Doy gracias a Dios porque así lo ha querido. Gracias al papa,
por haber dicho que sí a recibirme. Gracias a la comunidad de FASTA, en
especial a su fundador, el padre Fosbery, que ha facilitado todos los trámites
para que se pudiera culminar mi deseo de encontrarme con el Papa con motivo de
mi 30º aniversario de ordenación. Gracias a mi comunidad parroquial de San
Félix, que me acompaña con el corazón y reza por este encuentro.
Esta noche, una profunda emoción embarga mi corazón. No sólo
estoy conmovido ante el encuentro con el papa en sí, por ser quien es y por el
lugar que ocupa, sino porque conozco su trayectoria como arzobispo de Buenos
Aires. Sé de su talante abierto y social. Sé que, más allá de su cargo, por su
perfil y su origen, como jesuita, es un hombre valiente. Reconoce sus defectos
y, pese a las controversias que pueda generar en algunos sectores, se atreve a
tratar temas que están en la frontera de lo moral, lo social y lo cultural, así
como cuestiones bíblicas y teológicas. Expresa su sensibilidad espiritual con
transparencia, tal como se definió a sí mismo en la famosa entrevista publicada
en la revista Civiltà: como un
pecador. El papa Francisco me acerca a aquel primer papa apasionado y
temperamental, capaz de sacar la espada y luego negar a Cristo, capaz de llorar
amargamente arrepentido, con profundo dolor. Aquel pescador de Galilea que ante
Jesús exclamó: ¡Apártate de mí, que soy un pecador! Esta imagen tan vulnerable
de Pedro me fascina. Jesús lo elige a él para ponerlo a la cabeza de su
Iglesia: una persona sencilla y frágil. Esta es la forma de hacer de Dios. Los
proyectos de Dios están sostenidos sobre la fragilidad humana, convirtiendo a
las personas en expresiones sólidas de su amor. Esta noche pensaba en su escudo
papal, en su lema: Miserando atque
eligendo («Me miró con compasión y me eligió»). ¡Qué imagen tan cercana!
Cuántas veces Jesús nos mira y nos llama…
Con ese lema, el papa está renunciando a la idolatría y al
poder que le da su cargo. Ante su elección como papa, hace tres años, debía
sentir un profundo vértigo. Siendo como es, debía costarle aceptar el papado.
Eso significa estar en la cumbre de la cristiandad, representando a toda la
Iglesia católica. Cuánto peso sobre unos hombros ya ancianos. ¡Cuánto abandono
y humildad para dejar todos los planes que tuviera y aceptar este otro, grande
e inesperado, plan de Dios!
Francisco inició su papado rezando con el pueblo y pidiendo
su bendición.
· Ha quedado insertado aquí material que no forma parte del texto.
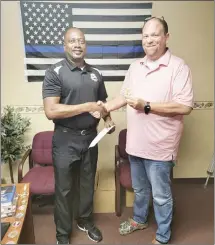  ?? Submitted Photos ?? Forrest City Police Department Officers, from left, Sean Voudren, Russell Hinsley and Billy Spencer, were recently promoted to patrol sergeants with the agency. Above, Voudren, Hinsley and Spencer pose for photos with FCPD Chief Deon Lee.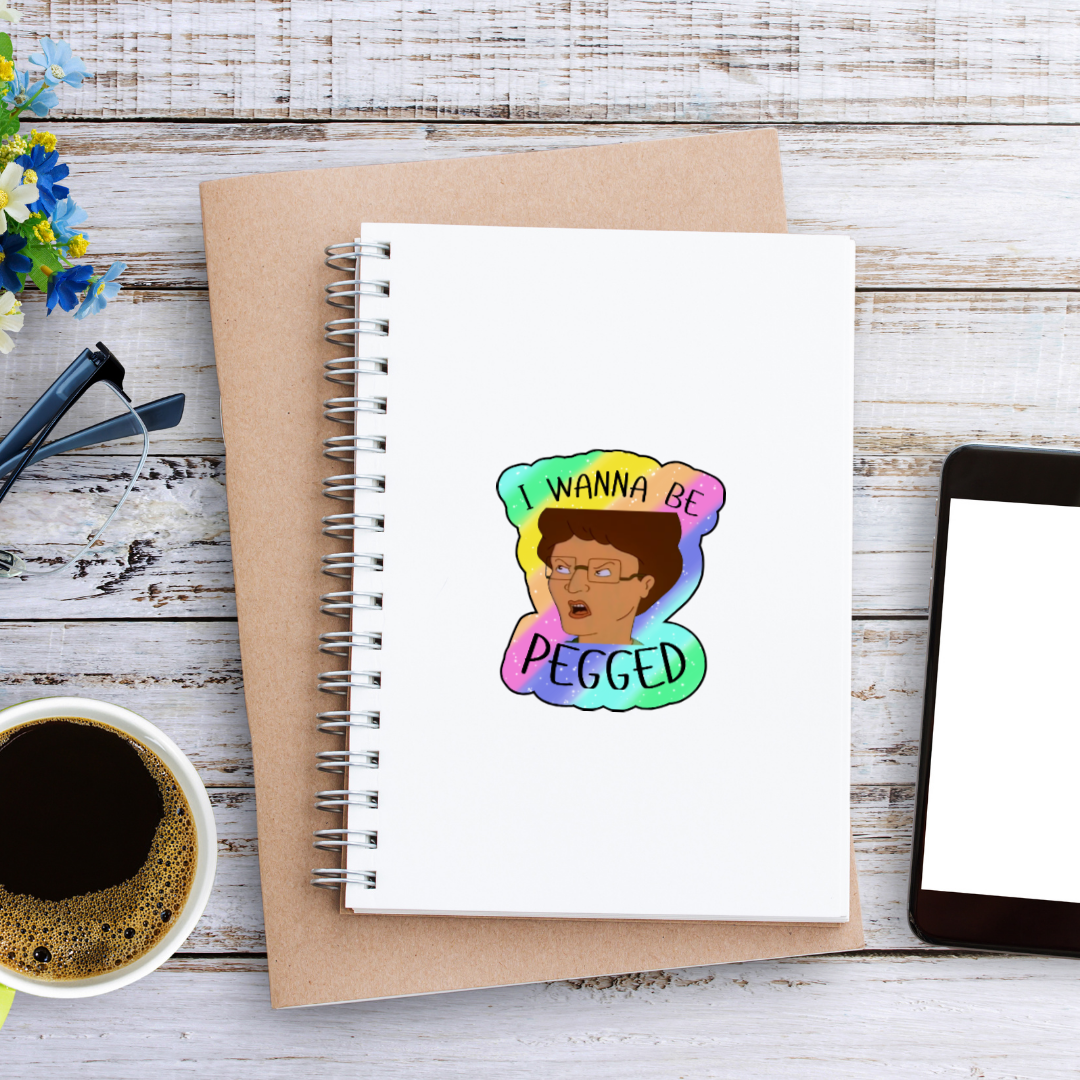 Holographic parody sticker with a cartoon woman and the phrase “I Wanna Be Pegged” in bold black lettering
Si este papa, tan humano, está en el vértice de la divinidad,
representando a Cristo, también es humana la Iglesia que representa la
trascendencia. El papa es el Cristo en la tierra pese a su limitación como
persona.
Cierro los ojos y me dispongo a dormir. Esperando, con
emoción contenida, el abrazo con el papa. Todo está en silencio y la noche es
apacible. Las calles duermen en este barrio tranquilo donde me alojo. Los
jazmines exhalan su aroma y la luna va ascendiendo por el cielo, casi llena. Roma
descansa, en espera de otro luminoso y nuevo día.